The OIGA specifically took issue with some of Stitt’s arguments.


“His suggestion that Oklahoma’s tribal exclusivity fees, as enumerated within the compacts, are the ‘lowest in the nation’ is untrue: multiple compacts have no revenue sharing at all. His assertion that most compacts require a fee of 20 to 25 percent is also not true,” the OIGA said.
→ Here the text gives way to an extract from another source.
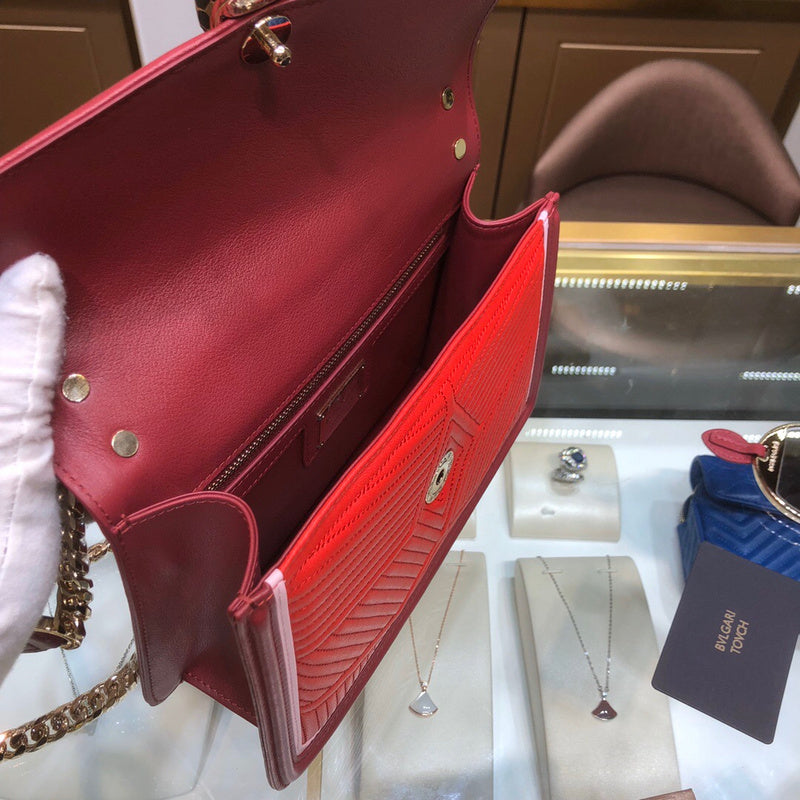 Amelia - BGL Lady Bags - 110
“Gov. Stitt also incorrectly suggests that gaming facilities in Arkansas are a) tribal, operated by Oklahoma tribes, and b) pay compact-based exclusivity fees at a rate of 13 percent. In fact, Oklahoma tribes’ gaming expertise have been hired to manage commercial gaming operations in Arkansas, which are taxed at a rate of 13 percent,” the OIGA said. It said that tribal governments in Oklahoma have paid more than $1.5 billion in exclusivity fees to the state during the past 15 years and have created more than 75,000 jobs.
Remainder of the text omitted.